新しいサービスを考える上で、まずは「ユーザのニーズ(またはインサイト)を探ることが大切である」と言うのは、聞き飽きて耳にタコが出来る話ではないでしょうか?

では、ユーザのニーズを探るアプローチとしては皆さんはどのような方法を思い浮かべますか?
大きく分けて下記の2 つに分類されるかと思います。

①統計的アプローチ
アンケート等を用いて多数の意見を収集し、統計することで市場の動向を探る②根源的アプローチ
想定顧客を調査/理解/分析することにより、想定顧客に内存する共通の価値観を探る

リサーチャー(プロジェクトメンバー)の調査/分析による主観的な判断に基づきニーズを探ることは、リサーチャーの力量、対象に対する理解、判断力、経験値に大きく依存し、本ブログの主題である戦略性に欠けるため記事の対象外とします。

ここでは、①統計的アプローチと②根源的アプローチの違いを下記に記載します。

①統計的アプローチ
アンケート等を用いて多数の意見を収集し、統計することで市場の動向を探る

上記①の方法でユーザのニーズを探るためには、統計の基本的な考え方が必要になります。
アンケートを用いてアプローチする場合、下記の事を整理します。

まず、アンケートを用いた調査は、調査対象の全て(母集団)を調査する「母集団調査」と、調査対象の一部(標本)を調べることで調査対象全体を推測する「標本調査」に大別できます。
アプリケーション市場における母集団は、想定するユーザ層全体となるため、一般的には母集団調査をするための人員、工数が確保できず、標本調査を実施します。
実際に統計的アプローチでニーズ調査を行う場合、下記手順で実施します。

  1. 調査対象・調査方法・集計したい内容の検討
    └ 何を知りたいか、どのように調べるか、どのような統計手法を用いるか
  2. 標本設計
    └ 調査対象の母集団がどのように構成されているか?
  3. アンケートの実施
  4. 統計解析/分析
    └ 集計結果を集計、解析し結果をグラフやチャートで可視化し市場の動向を探る

上記のアプローチに対して大きな課題が3つ存在します。

課題1 調査対象者の確保が難しい

アンケート調査を試みる多くの試験者がまず突き当たるのはこの障壁です。
一般的にはマスメディアやオウンドメディアを用いて調査対象者を確保することが多く、もともと調査対象者を抱えていることが大規模なアンケートを実施するための前提条件となります。
統計学的に適切であるとされる試験対象者の人数は下記の方法で概算することができます。

N:母集団の数
E:最大誤差(許容できる誤差の割合)
Z:信頼係数0.95(5%の誤差を許容することを前提とします)における正規分布の値【1.96】
P:予想される母平均の比率
正規分布表 参照 )

上記に定義した変数を用いて標本数nは、

n(適切な試験対象者の人数)=N/((E/Z)^2*(n-1)/(P*(1-P))+1)

と表すことができます。

ここで、Pの値に関して、同様な既存の調査サンプルがある場合はその比率を用い、
参考となるサンプルがない場合は必要な調査対象者数が最大となる0.5(式(P*(1-P))の最大値)を入れます。

通常はE=0.05、Z=1.96で計算するため、母集団Nに実際数値を入れると、調査対象者の適正な人数を把握することができます。

アプリケーションをヒットさせることを目標とするため、ターゲットユーザの数を10万〜1000万人と仮定すると、

N=100000  → n=382
N=1000000  → n=384
N=10000000 → n=384

となります。
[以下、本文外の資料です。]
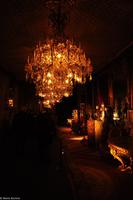 Königliches Schloss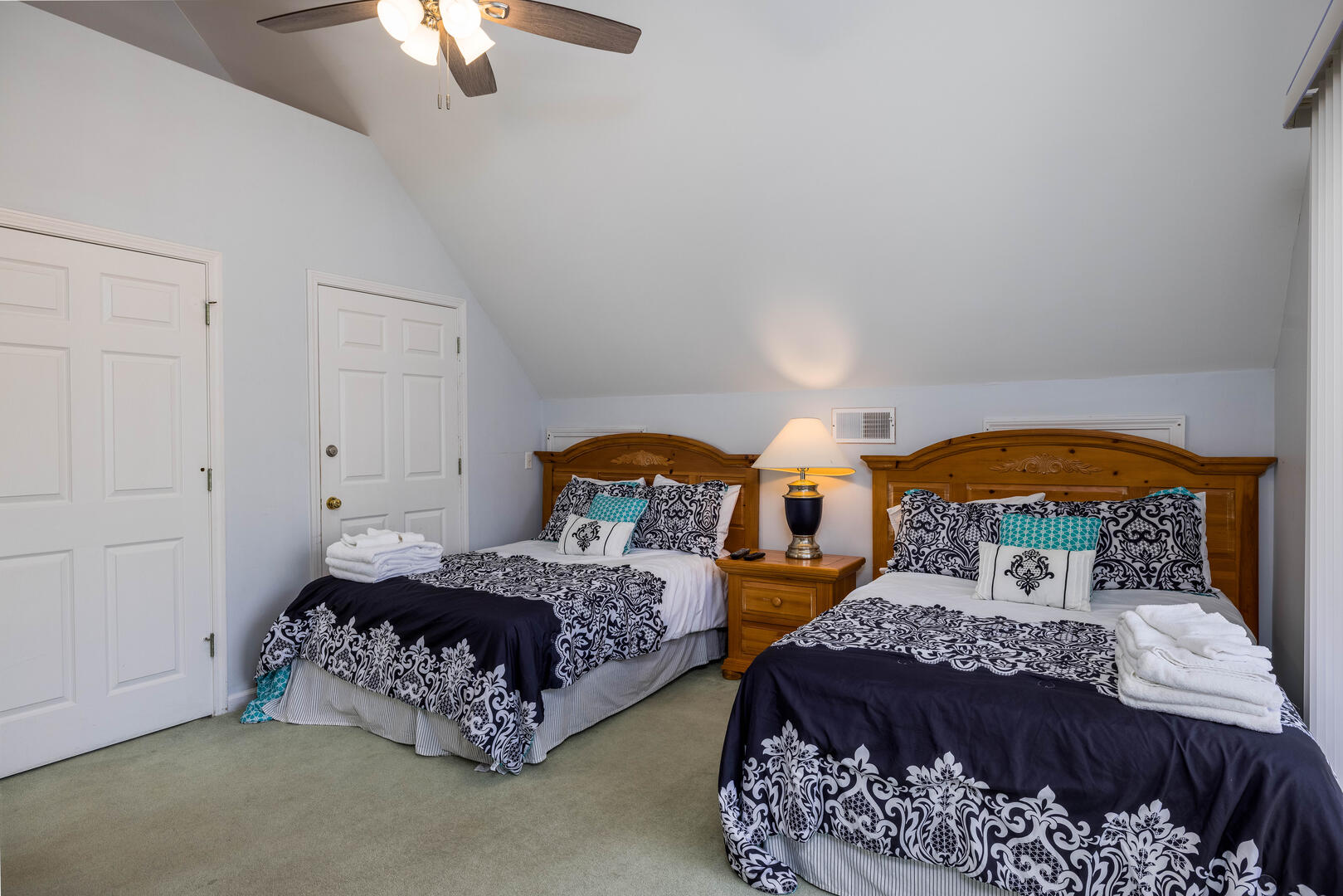 37 Davis Love Dr | Photo 25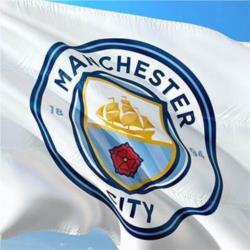 Ten Interesting Facts About Manchester City Football Club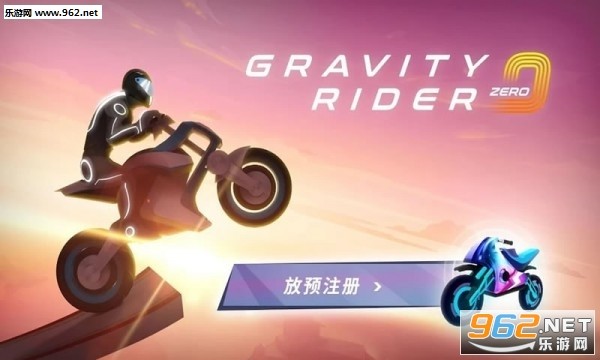 ����Ħ�г������°� v1.40.2��׿��0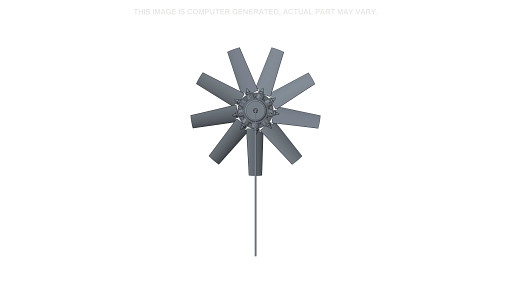 VENTILADOR | NEWHOLLANDCE | EU | FR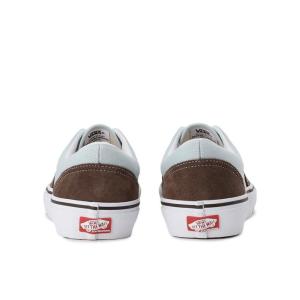 VANS ヴァンズ SKATE ERA スケー...の詳細画像2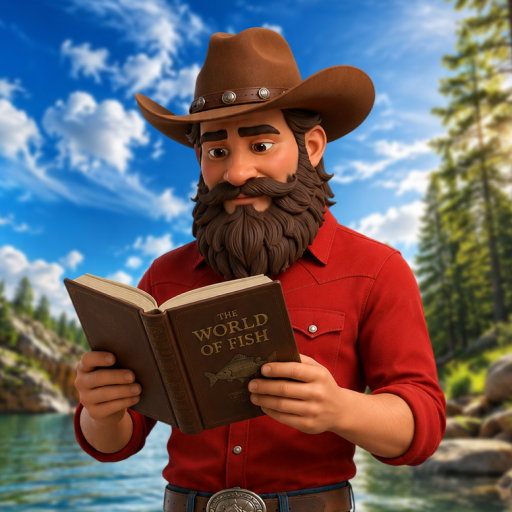Splash Marine Base Story game icon for iOS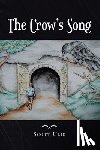 Ulik, Scott - The Crow's Song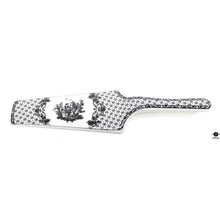  Baum Bros. Serving Utensil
Nの値がこれ以上増えても適切な試験対象者の人数は384です。
よって、400人程の調査対象者に対しアンケートを実施しなくてはならない事がわかります。

ただし、許容する最大誤差を増やせば試験対象者の人数を減らすことが可能です。

課題2 潜在的なニーズはアンケートに現れづらい。

選択形式のアンケートの場合、選択肢の中に予めユーザのニーズに迫る選択肢を準備しなくてはなりません。

例えば「OLのランチに対するニーズ」を探る時、事前調査により「健康的なサラダを食べたい」「ダイエットに良いカロリー控えめなものが食べたい」「甘いスィーツが食べたい」等の事前に準備した選択肢を選ばせる場合、少なくともその中にOLがランチに欲している手がかりとなる項目が含まれていなくてはならず、事前調査でニーズが絞り込まれていることが前提となります。
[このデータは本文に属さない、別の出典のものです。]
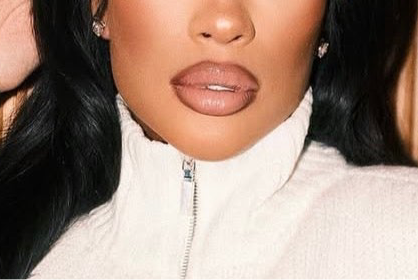 Candy D kits : lsland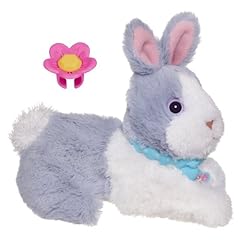 Furreal friends busy for sale  Delivered anywhere in USA 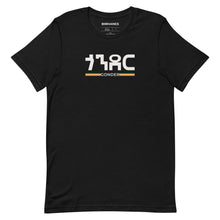Load image into Gallery viewer, Gonder Unisex Tee Ethiopia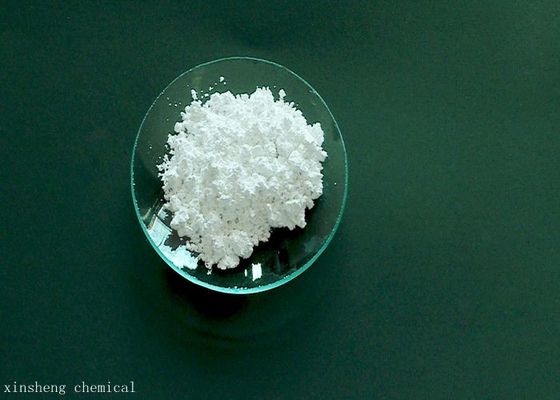 7779-90-0 Kẽm và Phosphoric Acidzinc Và Phosphoric Acid Chống ăn mòn Sơn Đối với Thép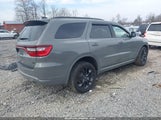 Dodge Durango Gt Awd 1C4RDJDG0TC153408 снимка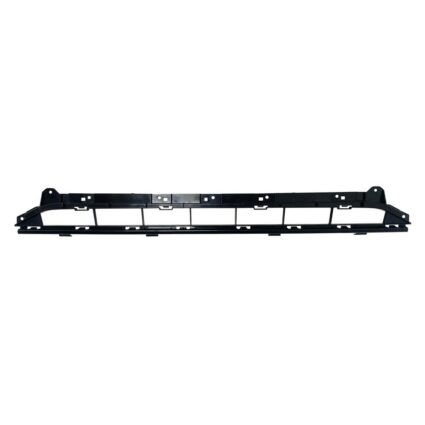Bumper Cover Grille Front for Audi Q5 2018–2020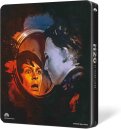előnézet Halloween: H20 (25th Anniversary) - 4K UHD Blu-ray + BD Steelbook (bez CZ)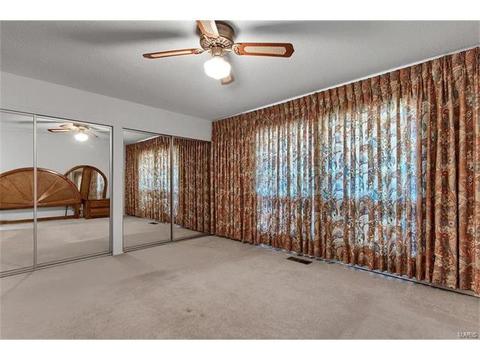 509 Lalor Dr, Ballwin, MO 63011 photo 20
では、選択形式ではなく、記述式のアンケートを用い直接ニーズを書き出してもらえば問題は無いと思う方も多いかもしれません。アンケート用紙に自由に記入できる欄を設けて、”ランチに求めることはなんですか?”と聞いた場合、回答者は自分の経験の中から求めることを言語化します。対象者が「あっさりしていて胃もたれしないスープ」と答えた場合、集計者は、「あっさり」「胃もたれしない」というキーワードと、「スープ」という事実データを分けて集計し、解析を行えば求める要素をつかめるかもしれません。

ただし、いくらうまく解析できたとしても、OL自身の気がついている欲求を解析したに過ぎず、OL自身の気がついていないニーズを抽出することはできません。もしかしたら近い将来、OLの間で「ガレット」を求める傾向にあるかもしれません。しかし、「ガレット」を知らないOLにアンケートを実施していてはこの答えにはなかなかたどり着くことができません…。

課題3 行動のきっかけとなる詳細な思考の経緯が読み取りづらい

例えば、上記2の例と同様に、「OLのランチに対するニーズ」を調査するアンケートを実施し、回答者の意見から「あっさりしていて胃もたれしないスープ」というニーズを抽出した場合、「あっさりしていて胃もたれしないスープ」を欲する回答者の背景にある要因が重要となります。
例えば、「あっさり」していることを求めるOLの背景には、仕事の忙しさによるストレスで胃が荒れていることが原因なのか、味の濃い食べ物に飽きてあっさりしたものを求めているのか、運動量が少ないため食欲が無いことに起因するのかによって提供すべきソリューションが異なります。

これらの、回答の背景にある要因を、多くの意見を収集し一つ一つを見極めることは時間/労力の面で難しく、インタビュー等の問答を経て調査対象者と調査実施者が深くコミュニケーションを取ることで、初めてニーズの背景にある要因が見えて来ます。よってそのコミュニケーションを経ることのないアンケート調査ではこれらの要因は見えづらい傾向にあります。